Petraeus affair: ‘Shirtless’ FBI agent under investigation

GlobalPost

Just when you thought the David Petraeus scandal couldn't get any weirder, it did.

The newest protagonist in a cast that already includes the former CIA director, his wife, their friend, his biographer-turned-lover and the head of NATO forces in Afghanistan is a man referred to as "the shirtless FBI agent."

The Wall Street Journal first introduced him to us: He is the contact to whom Jill Kelley, a friend of the Petraeus family and, we now know, correspondent of Gen. John Allen, first reported receiving harassing emails.

Those messages were eventually traced to Paula Broadwell, Petraeus's biographer and mistress, uncovering the affair that led the general to resign from the CIA.

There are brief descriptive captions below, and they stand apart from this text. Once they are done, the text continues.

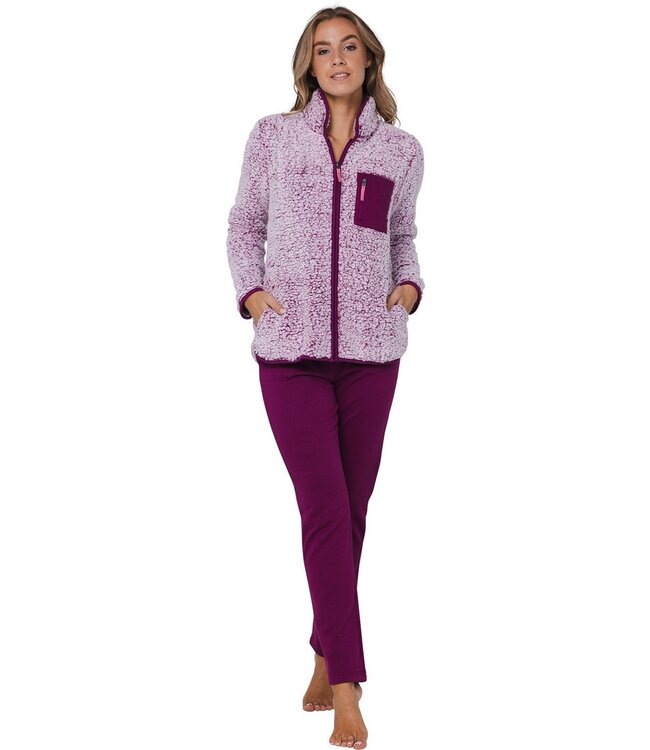 soft teddy fleece ladies home lounge suit 'fabulous teddy bear'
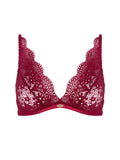 Florence lace bra in Scarlet red - Takkleberry handmade lingerie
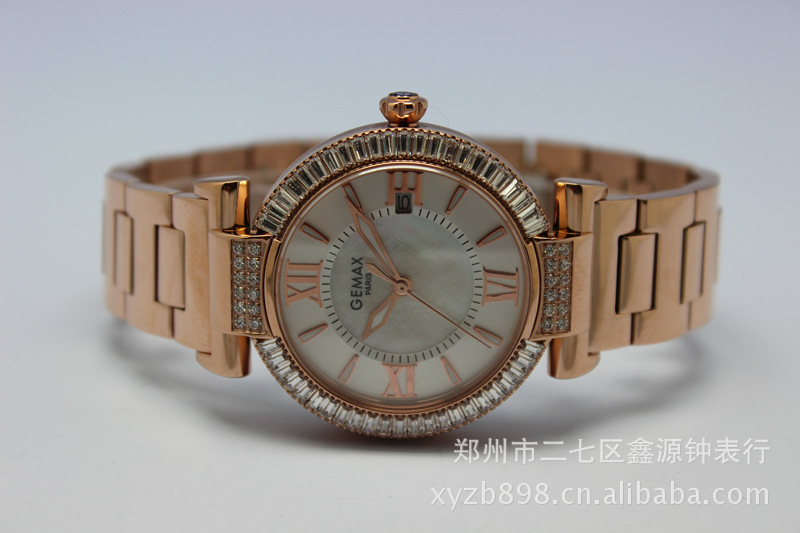 正品格玛仕GEMAX<em>高档女士手表</em>方钻表盘单日
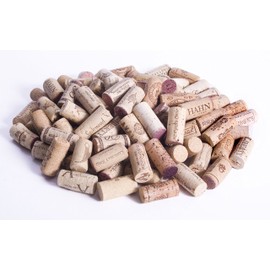 Assorted Used Wine Corks for Up-cycle Crafts and More (100 Count)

But by the time he did, the federal agent himself would be under scrutiny.

Full coverage of The Petraeus Affair

According to the Journal's sources, the agent is a friend of Kelley and, as her inbox would later reveal, had "sent shirtless photos to Ms. Kelley well before the email investigation began."

That detail wasn't known to his superiors at the start of the probe and in any case, officials told the New York Times, the agent was never part of the team of cyber specialists assigned to the investigation.

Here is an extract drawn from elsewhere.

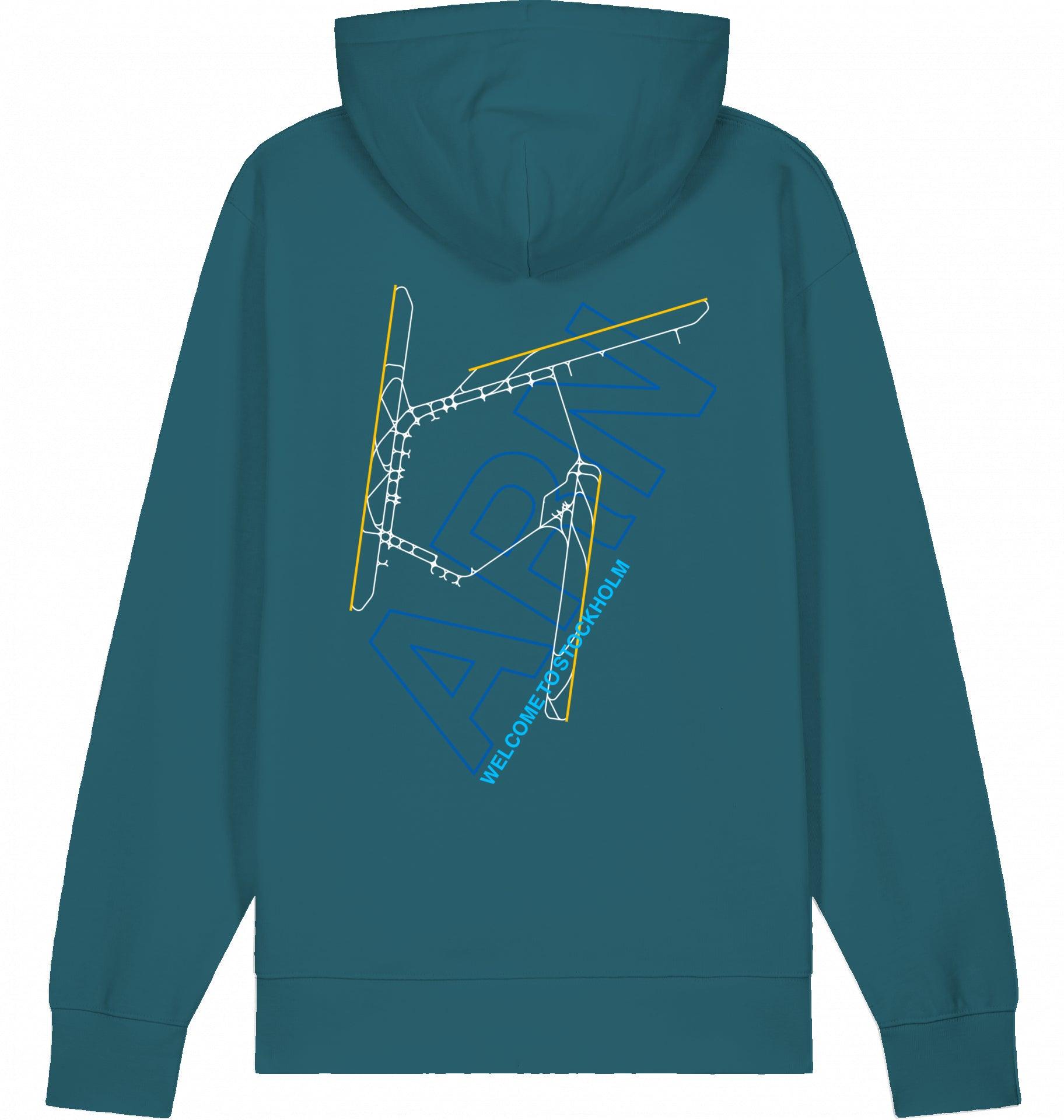 Aviation Stockholm ARN Airport Hoodie 2.0 für Piloten, Crews, Kinder & Planespotter made by SUPERSONIC aero 4U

Nevertheless, the Times reported:

"The agent, who was not identified, continued to 'nose around' about the case, and eventually his superiors 'told him to stay the hell away from it, and he was not invited to briefings,' the official said."

Some were concerned that he had become "obsessed," according to the Journal.

The agent even took it upon himself to blow the whistle when he became convinced that his superiors were trying to sweep the matter under the carpet, the Times said:

"Because of his 'worldview,' as the official put it, [the agent] suspected a politically motivated cover-up to protect President Obama. The agent alerted Eric Cantor, the House majority leader, who called the FBI director, Robert S. Mueller III, on Oct. 31 to tell him of the agent's concerns."

Sources told the Journal that the agent, who has not been named, is now under investigation by the FBI's internal affairs watchdog.

The Times quoted its source as saying that the agent's actions were "a little embarrassing," but ultimately did not affect the investigation.

Yet, as questions are asked about who knew what when — and specifically, how the House majority leader came to be informed, apparently by accident, weeks before the president or members of the House and Senate intelligence committees — the shirtless FBI agent may prove more than just a bizarre sidenote in this more-than-bizarre scandal.